May 06, 2014
Sir, Stephen Foley writes that “New [US money market fund industry] rules look set to reduce short-term borrowing costs for the US Treasury, at the expense of higher interest charges for corporate borrowers”, “Fund industry reform is a win for Uncle Sam”, May 6.
Foley should reflect on that in fact all regulations during the last decades have been a win for governments and a loss for citizens. In November 2004 in a letter that FT published (before I was send to Siberia) I wrote “Our bank supervisors in Basel are unwittingly controlling the capital flows in the world. How many Basel propositions will it take before they start realizing the damage they are doing by favoring so much bank lending to the public sector (sovereigns)? In some developing countries, access to credit for the private sector is all but gone, and the banks are up to the hilt in public credits.”

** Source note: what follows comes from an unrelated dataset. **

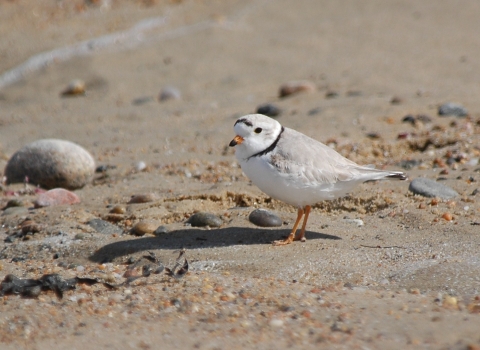 Piping plover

Just this week, during a conference at the Brooking Institute, I asked again, for the umpteenth time, whether higher capital requirements for banks when lending to businesses than when lending to sovereigns did not distort the allocation of bank credit. Mr. Jörg Decressin, the deputy director in the IMF’s European Department, the former deputy director in charge of IMF’s Research Department, gave me a surprisingly honest answer. Here follows its short version.
“Do you believe that governments have a stabilizing function in the economy? Do you believe that government is fundamentally something good to have around? If that is what you believe then it does not make sense necessarily to ask for capital requirements on purchases of government debt…
If on the other hand your view is that the government is the problem then you would want a capital requirement, so it depends on where you stand [ideologically]”
What a mess! Who authorize the regulators to regulate the finance sector applying their ideology? It is not a question whether the public or the private, it is a question of an adequate equilibrium between those two, and that has obviously been broken, to everyone’s peril.